By Pr. Kelly Chatman
As a Black kid growing up in Detroit, I had no idea what a Lutheran was, let alone some German guy named Martin Luther. I was in 7th grade and I was on a venture to visit my new classmate Willie Wood’s church when I somehow got the directions wrong. (My wife would not be surprised to hear that.) I wandered into a Lutheran Church and no one there looked anything like Willie Woods. The entire Sunday school class was white, and I was embarrassed and wondering how I might make my exit.
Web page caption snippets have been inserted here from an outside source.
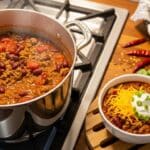 Bowl of Easy Stovetop Ground Beef Chili Recipe topped with shredded cheese, sour cream, and green onions — hearty homemade chili recipe on the table.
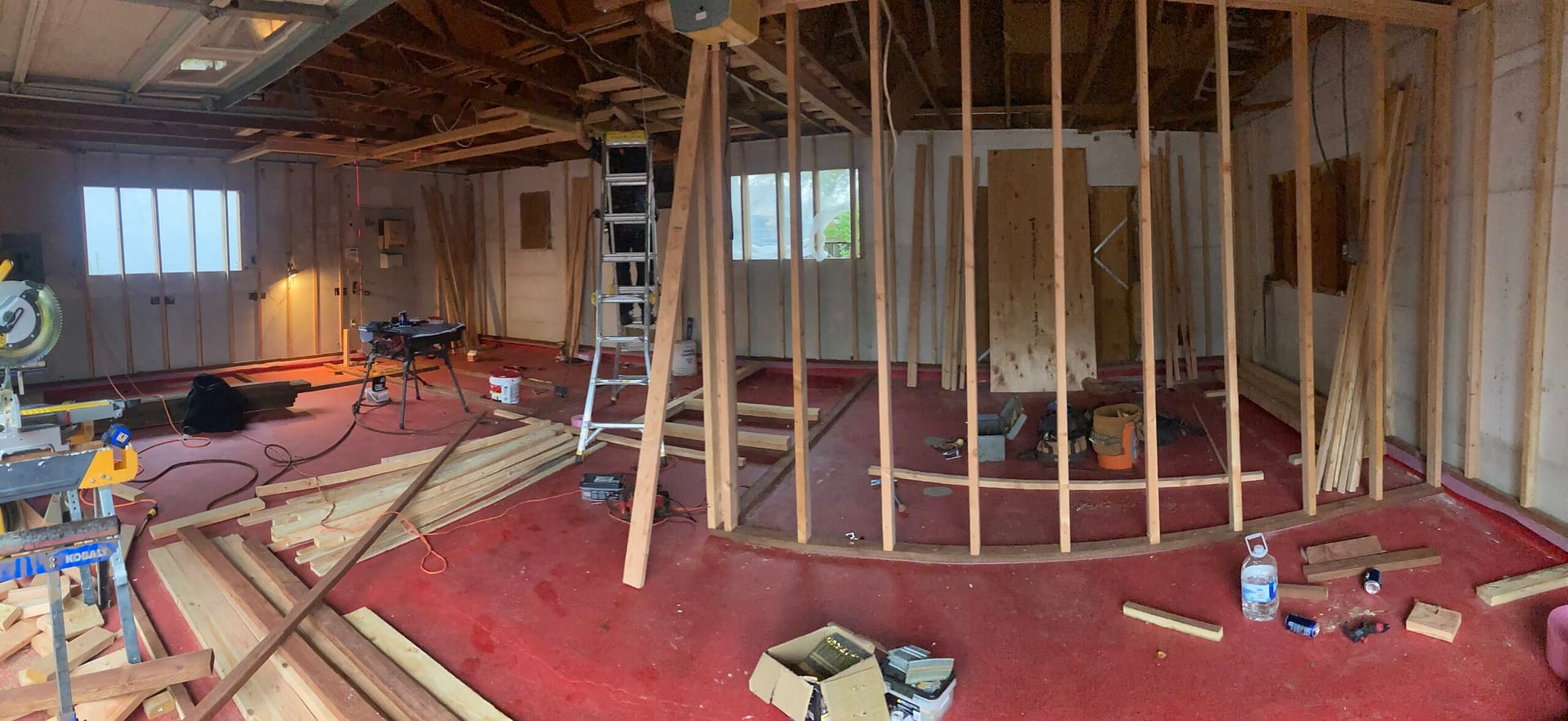 Panoramic interior view of new wood stud partition framing, exposed ceiling structure, ladders and construction tools.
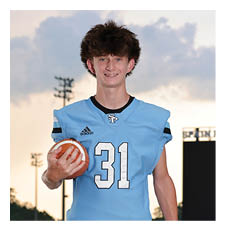 A young man wearing a football uniform stands on a field holding a football. AI generated content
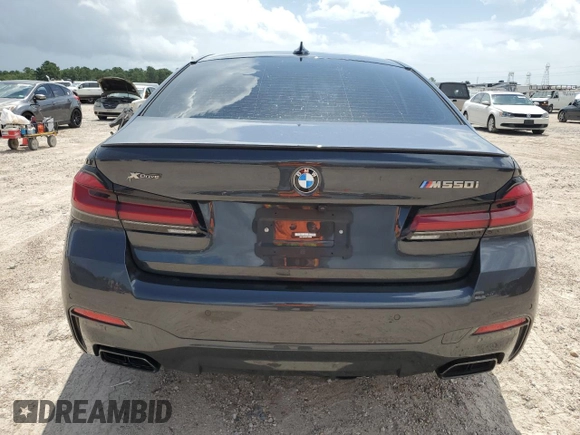 2022 BMW 5 Series M550i xDrive z VIN WBA13BK09NCJ00508, wystawiony jako Copart lot #58077634 z przebiegiem Nie podano mil oraz . Historia ofert i sprzedaży dostępna na DreamBid. Obrazek 6.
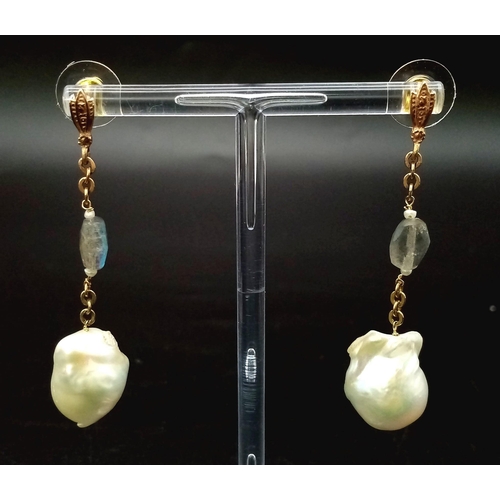 303 - A PAIR OF NATURAL PEARL DROP EARRINGS SET IN ROSE GOLD AND CRYSTAL WITH A 4cms DROP.    11,1gms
This was back in 1963, and the tape in head was running reminding me that there are places where we do and do not belong. In my head it was very clear, I did not belong in that place. That is until two Sunday school teachers approached me. They escorted me to the front of the entire Sunday school and the Sunday school began to sing to me a song, “There’s a welcome here. There’s a welcome here. There is a Christian welcome here!” It was an experience I will never forget and one I will carry with me forever.
What’s that got to do with the Reformation? Everything, but I want to share with you a little bit about the journey I shared with our bishop and fellow pastors to Lutherland this summer.
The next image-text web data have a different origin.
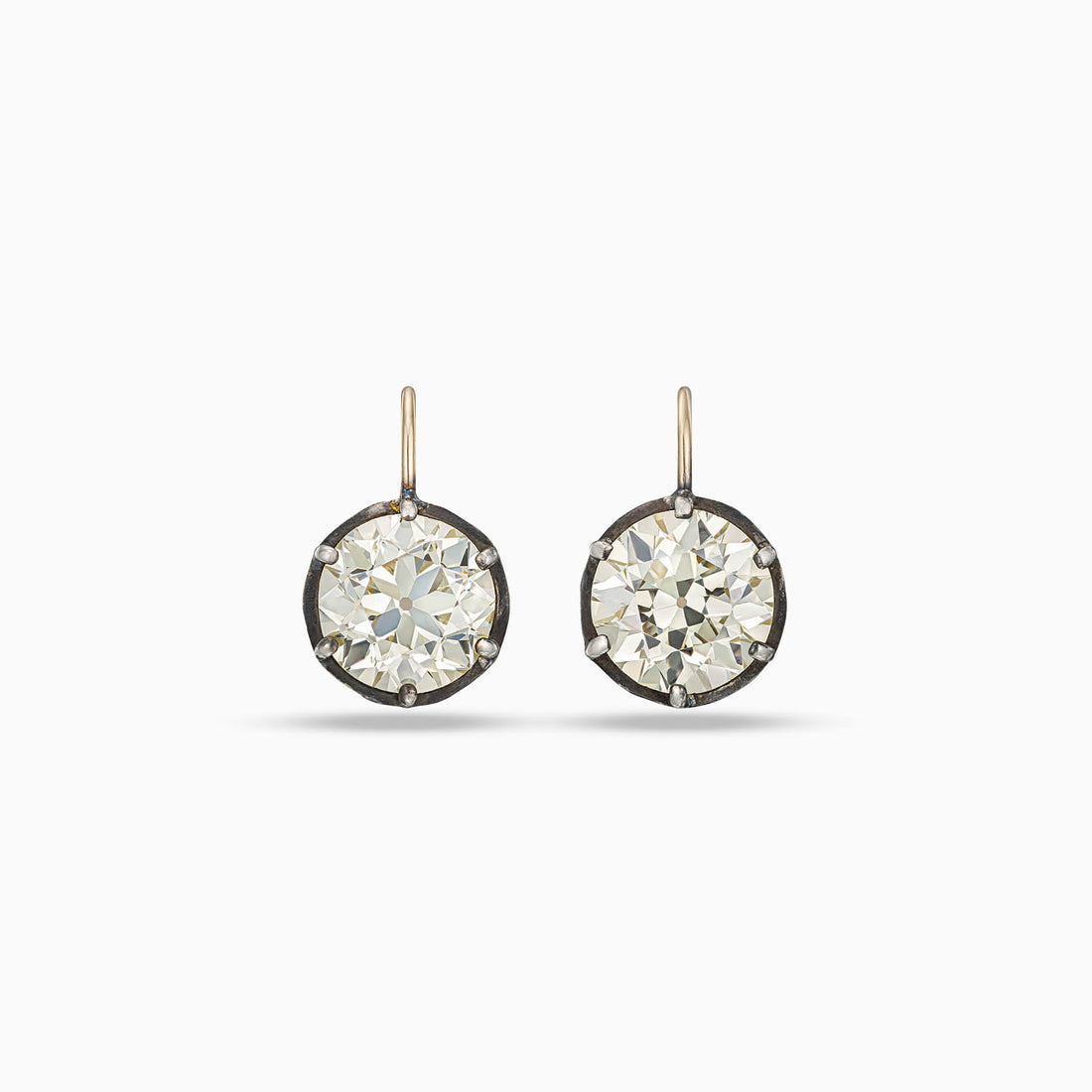 Old European brilliant cut diamond collet earrings in 18K gold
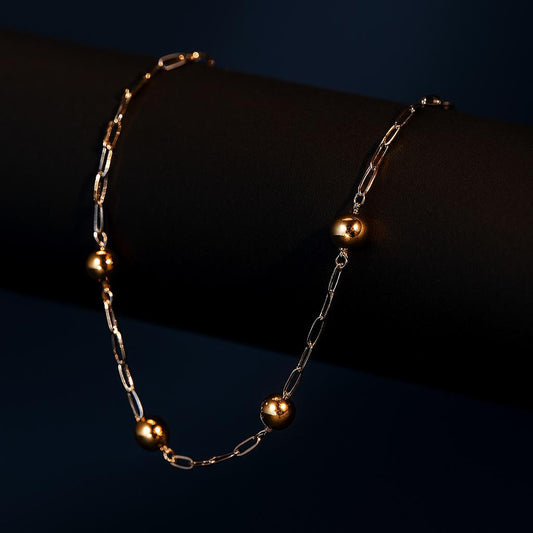 Minimalist silver chain with gold beads, displayed on dark cylindrical surface.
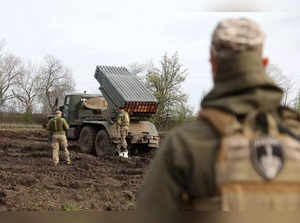 Artillerymen of the Ukrainian 80th separate airborne assault brigade prepare a BM-21 Grad multiple rocket launcher for fire towards Russian positions on the front line near Bakhmut in the Donetsk region, on April 18, 2023, amid the Russian invasion of Ukraine.  (Photo by Anatolii Stepanov / AFP)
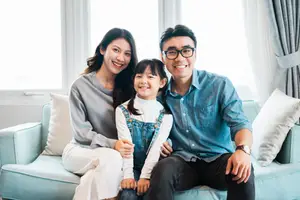 A family of three, a woman, a man, and a little girl, are sitting on a couch with pillows, smiling and posing for a photo in their living room.
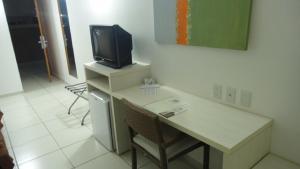 a room with a desk with a tv on top of it at Apartamento Le Jardin - Suítes para Temporada in Caldas Novas
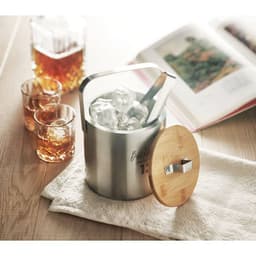 A drink bottle in a stainless steel ice bucket, featuring a bamboo lid, with glasses and a book nearby.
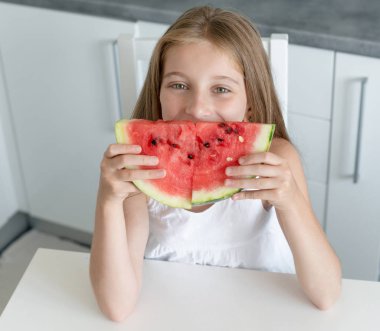 sevimli küçük kız mutfakta bir karpuz yiyor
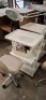 8 X MIXED LOT CONTAINING 5 METAL ON WHEELS TABLES WITH LED MAGNIFYING ATTACHMENTS AND 3 SPINNING STOOLS - 2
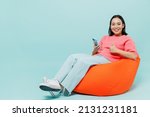 Full body young smiling happy woman of Asian ethnicity 20s wearing pink sweater sit in bag chair hold in hand use mobile cell phone show thumb up gesture isolated on pastel plain light blue background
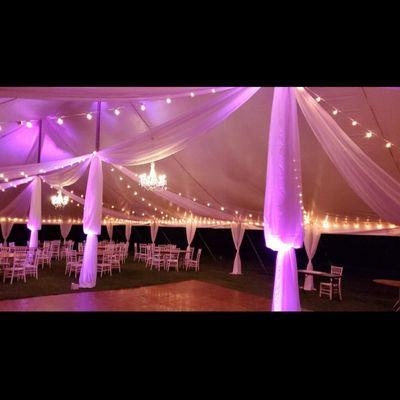 Up lighting, pole drapes, string lights, tables, and chivari chairs.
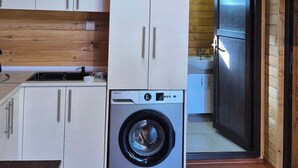 A compact kitchen with white cabinets, a washing machine, and a wooden ceiling.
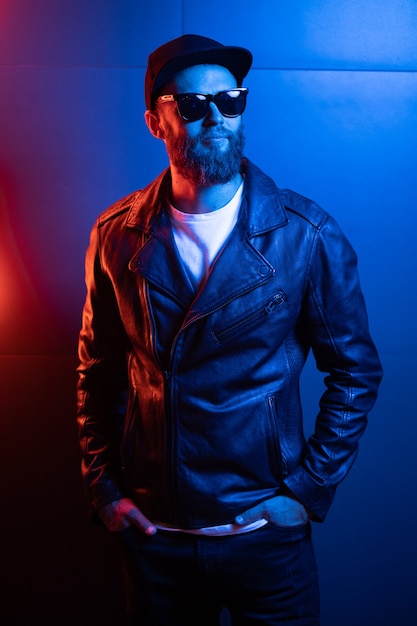 Hipster handsome man on the city streets being illuminated by neon signs. He is wearing leather biker jacket or asymmetric zip jacket with black cap, jeans and sunglasses.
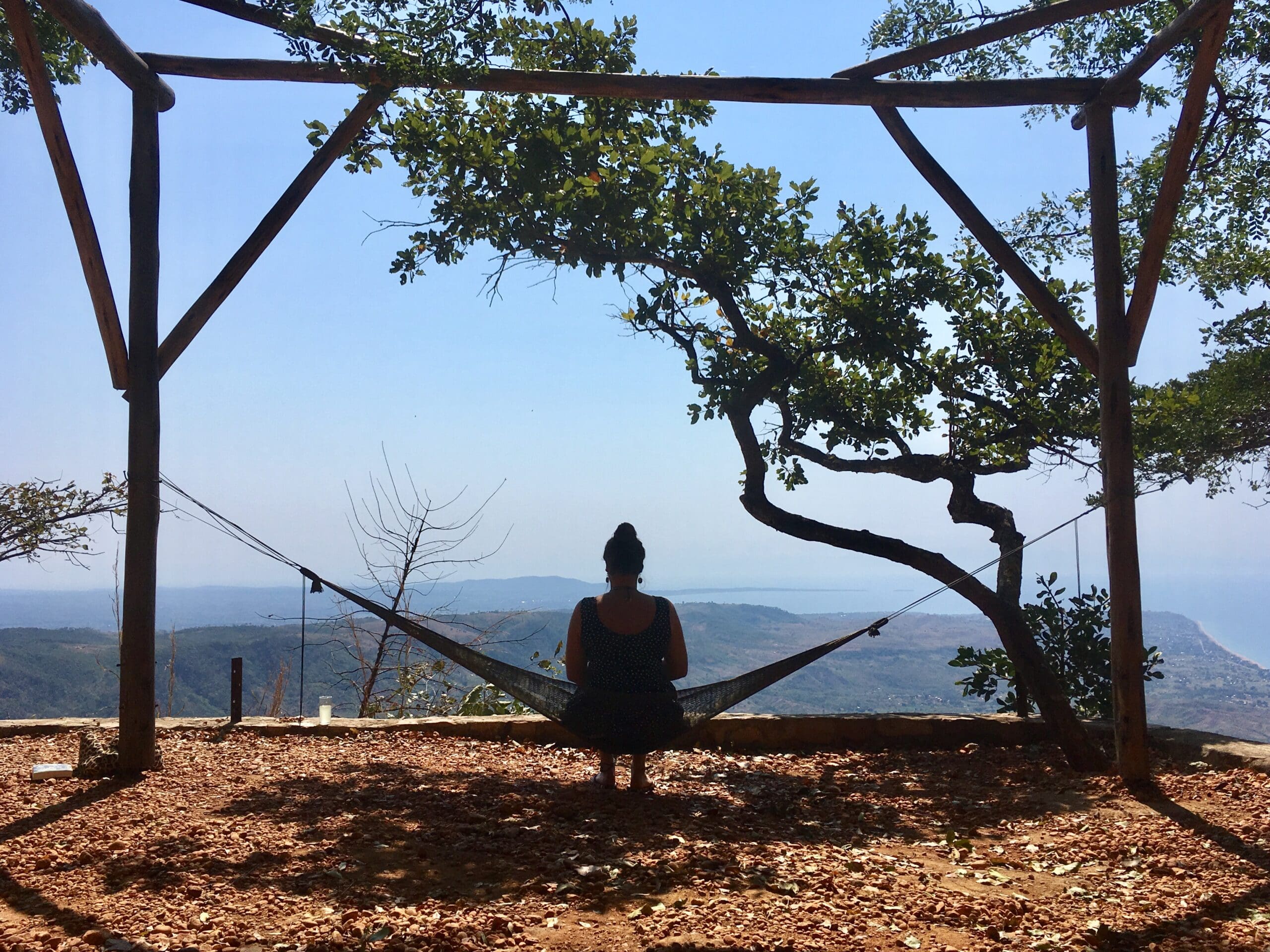 Een persoon zit in een hangmat onder een houten frame en boom, met uitzicht op een schilderachtig, bergachtig landschap van Malawi met een wazige lucht op de achtergrond.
I was one of 15 pastors from our synod invited to travel with our bishop to Germany. After we arrived in Berlin, we traveled by train to Leipzig where we were greeted by pastors and lay leaders from the church there. During our visit we learned about how, before the Iron Curtin (Berlin Wall) came down, life had been very difficult for people. There was a government force called the Stasis and it was invasive and oppressive in every way.
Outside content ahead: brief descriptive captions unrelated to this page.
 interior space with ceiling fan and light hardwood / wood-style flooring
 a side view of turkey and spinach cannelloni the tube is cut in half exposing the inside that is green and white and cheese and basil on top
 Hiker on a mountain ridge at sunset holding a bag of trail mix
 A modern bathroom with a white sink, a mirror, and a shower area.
“Back then the system was built on something called indulgences. Today I believe we have a similar system in racism: Some people are encouraged to imagine God is more for them than others.”
The church emerged as a visible force of non-violent protest. The people of the Church of Leipzig would gather each week in the town square at St Nikolai Church to pray, sing hymns, and light candles.
Well, it got to the point that the Natazi (secret security) had seen about enough of those peaceful gatherings. The security forces gathered their soldiers equipped with their guns and they went to the town square ready to confront the protestors.
Imagine guns against candles, hymns, and prayers? Yep, you guessed it, candles, hymns, and prayers won. Maybe you didn’t guess it, but prayers, hymns, and candles resulted in a peaceful non-violent transition to a new future. The Berlin Wall came down in response to people of faith gathered each week to pray, sing, and light candles.
THE PEOPLE OF LEIPZIG, Germany, shared the time-honored witness of a monk (priest) named Martin Luther. 500 years ago, it was not the Natazi but a religious system holding the people hostage in their understanding of God. Religion had turned into a system where people were taught that you could somehow earn your way to God. Back then the system was built on something called indulgences.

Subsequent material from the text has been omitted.